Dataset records
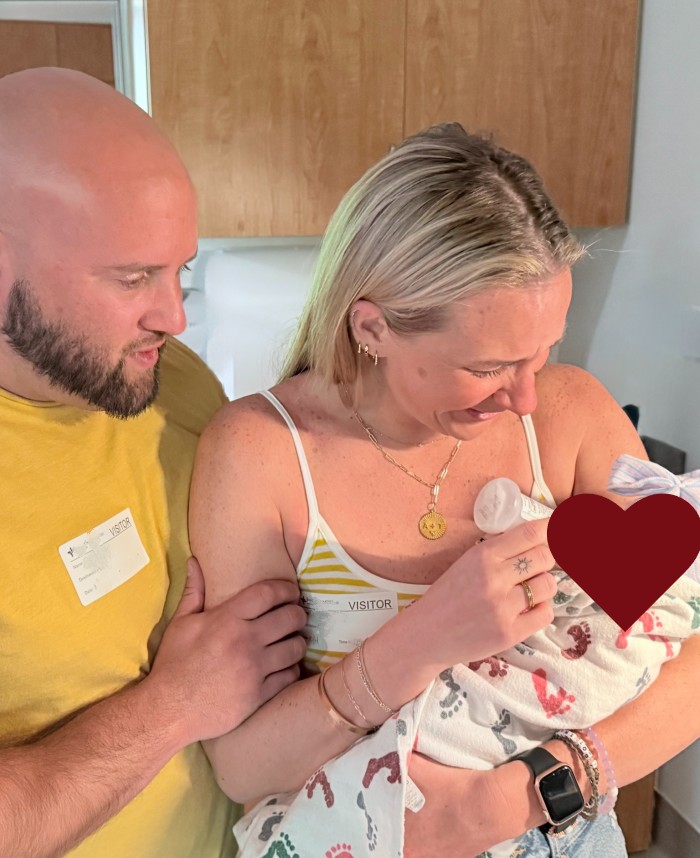 Read more about the article October 15, 2025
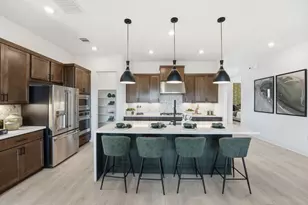 1328 Novara Trl, Leander, TX 78641 - Photo 2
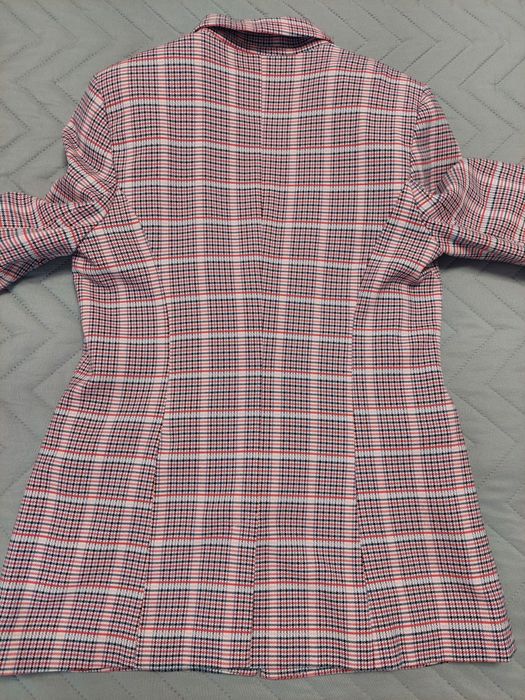 Дамско сако MOHITO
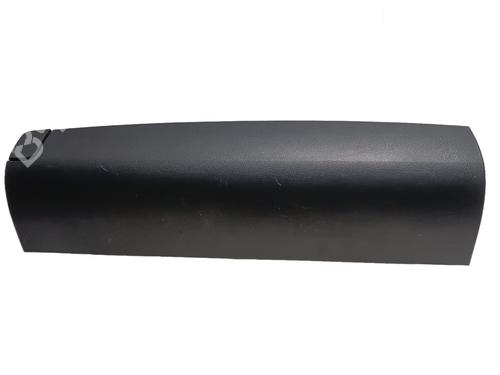Used Glove box Glove box TOYOTA VERSO (_R2_) 2.0 D-4D (AUR20_, AUR20R) (126 hp) 35778725 35778725
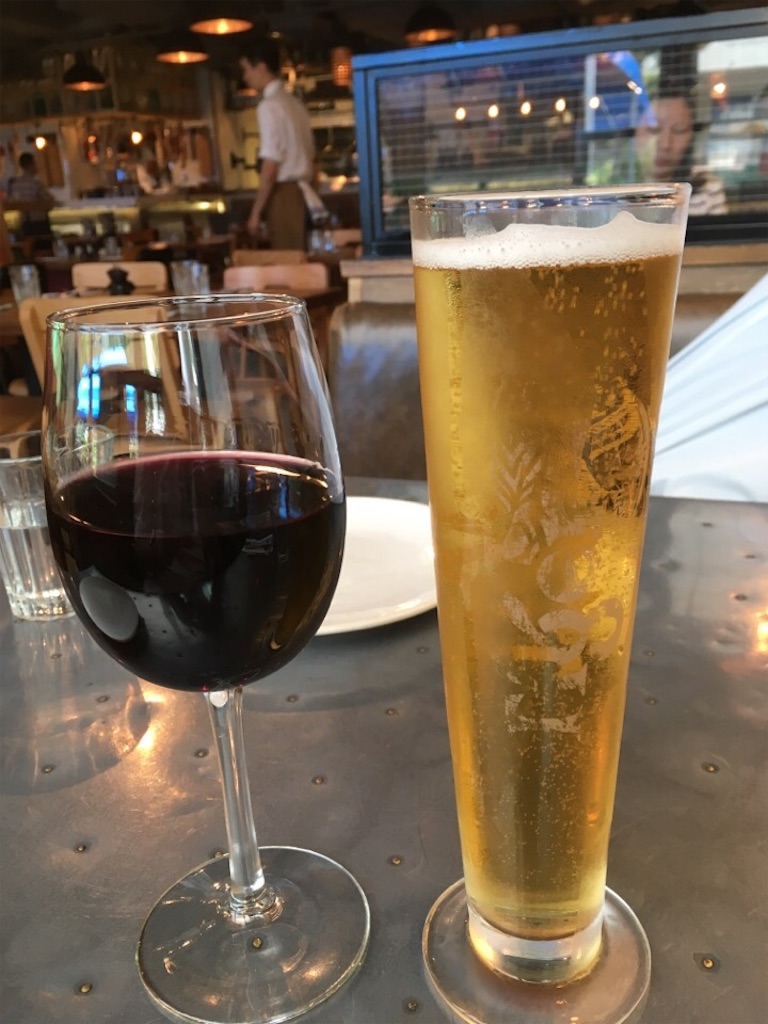 f:id:Toshibo:20181007200021j:image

◆ **Your goal**: Beginning with the line with "Дамско сако MOHITO", repeat the entries above exactly, up to and including the last line, leaving out pictures.

◆ **Task output**:
 Дамско сако MOHITO
Used Glove box Glove box TOYOTA VERSO (_R2_) 2.0 D-4D (AUR20_, AUR20R) (126 hp) 35778725 35778725
 f:id:Toshibo:20181007200021j:image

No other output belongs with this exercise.